We are happy to announce that the MongoDB Connector for Apache Spark is now officially certified for Microsoft Azure Databricks. MongoDB Atlas users can integrate Spark and MongoDB in the cloud for advanced analytics and machine learning workloads by using the MongoDB Connector for Apache Spark which is fully supported and maintained by MongoDB.
The MongoDB Connector for Apache Spark exposes all of Spark’s libraries, including Scala, Java, Python, and R. MongoDB data is materialized as DataFrames and Datasets for analysis with machine learning, graph, streaming, and SQL APIs. The MongoDB Connector for Apache Spark can take advantage of MongoDB’s aggregation pipeline and rich secondary indexes to extract, filter, and process only the range of data it needs – for example, analyzing all customers located in a specific geography. This is very different from simple NoSQL data stores that do not offer secondary indexes or in-database aggregations and require the extraction of all data based on a simple primary key, even if only a subset of that data is needed for the Spark process. This results in more processing overhead, more hardware, and longer time-to-insight for data scientists and engineers.

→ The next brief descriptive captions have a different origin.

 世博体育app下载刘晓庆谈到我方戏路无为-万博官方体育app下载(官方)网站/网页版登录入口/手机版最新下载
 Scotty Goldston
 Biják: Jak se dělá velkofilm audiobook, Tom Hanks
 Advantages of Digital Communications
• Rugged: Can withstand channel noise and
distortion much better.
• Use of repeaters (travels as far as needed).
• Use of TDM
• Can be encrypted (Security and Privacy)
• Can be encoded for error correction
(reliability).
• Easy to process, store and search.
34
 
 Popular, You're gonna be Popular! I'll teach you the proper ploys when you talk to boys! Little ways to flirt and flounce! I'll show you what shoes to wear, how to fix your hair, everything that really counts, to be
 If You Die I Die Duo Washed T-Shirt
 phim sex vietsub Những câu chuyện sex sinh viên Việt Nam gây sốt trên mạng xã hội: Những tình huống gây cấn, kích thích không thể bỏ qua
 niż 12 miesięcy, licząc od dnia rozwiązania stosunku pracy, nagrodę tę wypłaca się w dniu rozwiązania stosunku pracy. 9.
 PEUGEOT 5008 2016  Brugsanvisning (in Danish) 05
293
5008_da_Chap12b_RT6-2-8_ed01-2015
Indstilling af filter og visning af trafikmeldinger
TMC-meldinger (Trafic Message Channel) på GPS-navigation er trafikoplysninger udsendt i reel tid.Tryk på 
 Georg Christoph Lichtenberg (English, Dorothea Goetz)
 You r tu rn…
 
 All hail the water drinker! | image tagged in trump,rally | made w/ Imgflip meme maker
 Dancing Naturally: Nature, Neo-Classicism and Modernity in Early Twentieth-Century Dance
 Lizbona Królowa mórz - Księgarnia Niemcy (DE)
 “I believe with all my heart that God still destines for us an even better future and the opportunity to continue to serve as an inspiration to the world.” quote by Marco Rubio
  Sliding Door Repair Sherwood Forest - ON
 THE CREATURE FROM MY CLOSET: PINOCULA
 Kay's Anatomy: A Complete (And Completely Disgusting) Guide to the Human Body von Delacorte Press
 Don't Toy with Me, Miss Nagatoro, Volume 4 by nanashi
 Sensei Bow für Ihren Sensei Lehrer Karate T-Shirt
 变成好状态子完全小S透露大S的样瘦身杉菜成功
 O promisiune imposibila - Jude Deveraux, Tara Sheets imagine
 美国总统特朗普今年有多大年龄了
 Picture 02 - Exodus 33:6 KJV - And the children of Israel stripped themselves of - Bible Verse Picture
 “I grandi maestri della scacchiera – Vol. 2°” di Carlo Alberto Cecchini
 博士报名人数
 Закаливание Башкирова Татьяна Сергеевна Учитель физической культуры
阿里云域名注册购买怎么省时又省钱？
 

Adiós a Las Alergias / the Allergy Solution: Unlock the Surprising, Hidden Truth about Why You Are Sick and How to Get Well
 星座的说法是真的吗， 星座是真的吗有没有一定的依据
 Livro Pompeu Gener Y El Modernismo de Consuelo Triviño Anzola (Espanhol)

Additionally, MongoDB’s workload isolation makes it easy for users to efficiently process data drawn from multiple sources into a single database with zero impact on other business-critical database operations. Running Spark on MongoDB reduces operational overhead as well by greatly simplifying your architecture and increasing the speed at which analytics can be executed.
MongoDB Atlas, our on-demand, fully-managed cloud database service for MongoDB, makes it even easier to run sophisticated analytics processing by eliminating the operational overhead of managing database clusters directly. By combining Azure Databricks and MongoDB, Atlas users can make benefit of a fully managed analytics platform, freeing engineering resources to focus on their core business domain and deliver actionable insights quickly.